From experimentation to execution: How insurers are moving beyond AI hype
Why AI success in insurance now depends on execution, integration, and measurable business impact
Why insurers are moving beyond AI experimentation toward execution
The insurance industry is entering a new phase of AI maturity—focused on integration, impact, and measurable return on investment.
Just a few years ago, executives needed convincing that artificial intelligence could transform insurance operations. Today, the conversation has shifted from why AI to how value is measured. This change reflects an industry that has moved beyond hype toward execution and performance.
In a recent KPMG survey of insurance executives, 59 percent expressed confidence that their organization is a leader in AI adoption compared to peers. Even more telling, 90 percent reported that their AI budgets have increased compared to the prior year. This sustained investment signals conviction—but also raises expectations for results.
As insurers accelerate AI adoption, they are increasingly confronting challenges that extend beyond technology, including legacy system fragmentation, workforce readiness, and governance. The real question is no longer whether to invest in AI, but how to execute at scale.
How insurers are shifting from AI use cases to functional transformation
Early AI efforts across insurance followed a familiar pattern. Organizations identified hundreds of potential use cases and pursued them individually. While that approach delivered quick wins, it rarely produced enterprise-wide impact.
Leading insurers are now adopting a functional lens—rethinking how AI can transform entire workflows instead of isolated tasks. The focus has shifted to understanding end-to-end processes and embedding AI across the value chain.

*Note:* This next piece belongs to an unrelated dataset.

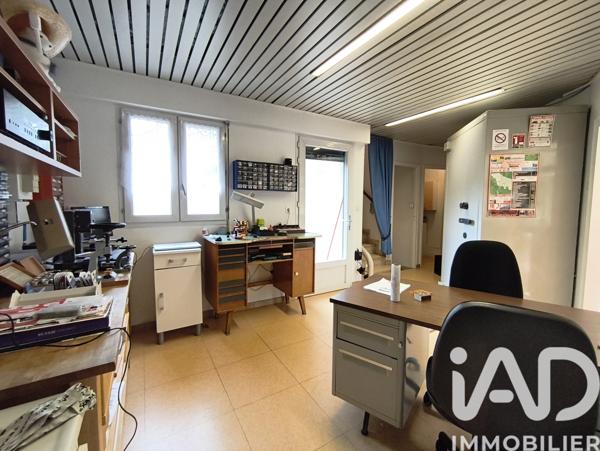 Immeuble à vendre 206 m² Revin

This transition is reshaping core insurance functions. In claims, AI compresses timelines while improving accuracy. In underwriting, it supports faster, more informed decisions by analyzing larger and more complex data sets. In finance, AI shifts teams from backward-looking reporting to forward-looking insight and continuous monitoring.
To achieve this level of execution, insurers are aligning business leaders, operations, actuarial, and technology teams from the outset—ensuring AI initiatives address real business needs and scale sustainably.

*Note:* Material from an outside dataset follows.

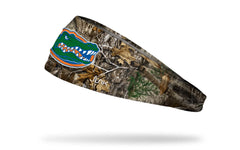 University of Florida: Realtree Edge Logo Big Bang Lite Headband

The real challenge is the ability to integrate and embed emerging technology into normal business operations. If you’re able to embed AI responsibly and strategically, it really shapes the future of your organization.
Raj Konduru
Consulting Sector Leader, Insurance, KPMG LLP
Where insurers are seeing the most tangible AI execution today
As insurers move from experimentation to execution, AI impact is becoming concentrated in a few core functions where it can be embedded directly into daily workflows. Rather than deploying standalone tools, organizations are redesigning how work gets done.
Key areas of execution include:
- Claims operations
AI accelerates intake, document analysis, and triage—helping reduce cycle times while improving consistency and accuracy across claim types. - Underwriting and risk assessment
AI supports faster evaluations by surfacing insights from broader data sources, augmenting underwriter expertise without replacing judgment. - Finance and performance monitoring
AI enables real-time visibility and continuous forecasting, allowing finance teams to move from retrospective reporting to proactive decision support.

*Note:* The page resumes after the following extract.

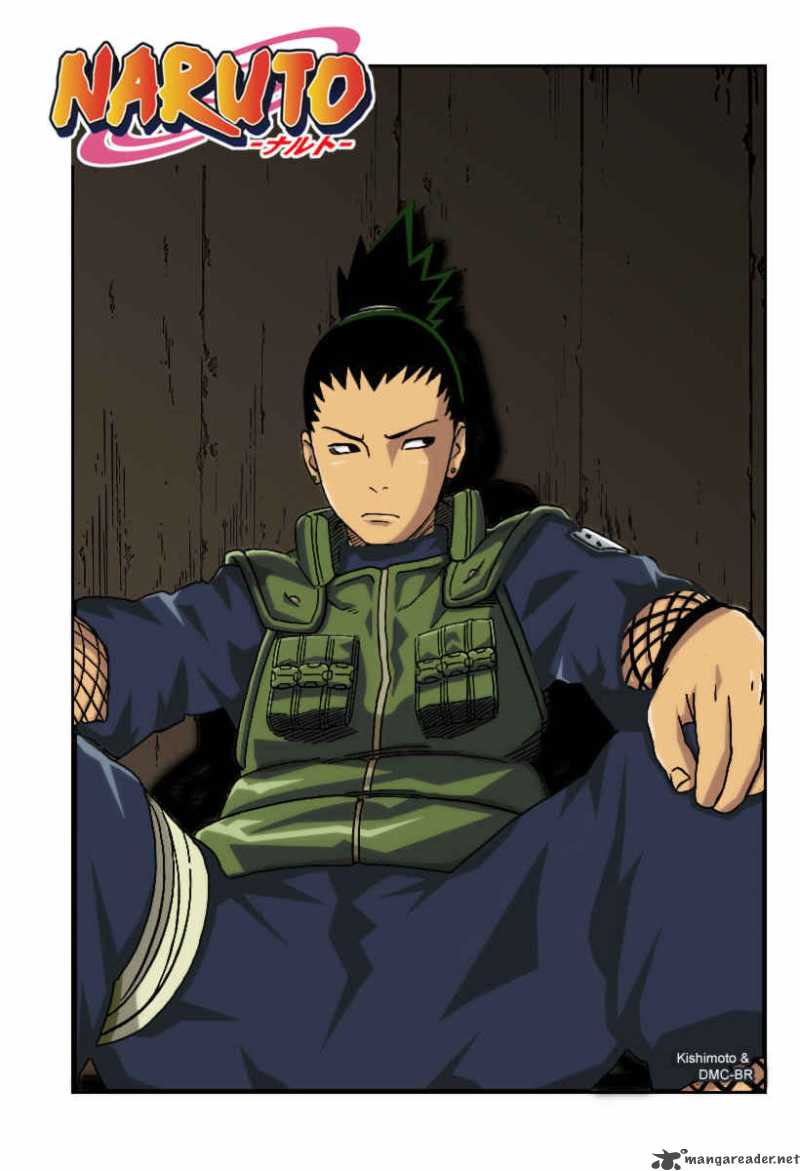 Naruto Chapter 324 - Page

Across these areas, insurers are measuring success less by the number of AI use cases deployed and more by operational outcomes delivered at scale.
Why empowering employees is critical to scaling AI in insurance
As AI becomes embedded in everyday workflows, employee adoption has become a decisive factor in execution success.
Many insurers are embracing an “AI as coworker” philosophy, using AI agents to automate data gathering, initial analysis, document generation, and anomaly detection. This allows employees to focus on higher-value work that requires judgment, expertise, and relationship management.
According to the survey, 45 percent of insurers have adopted an approach that empowers employees to use AI in their daily work, supported by training and clear guidance. This mindset recognizes that AI delivers value only when people trust it, understand it, and use it responsibly.
Execution accelerates when AI is designed around how employees actually work—not as a parallel toolset, but as part of the workflow itself.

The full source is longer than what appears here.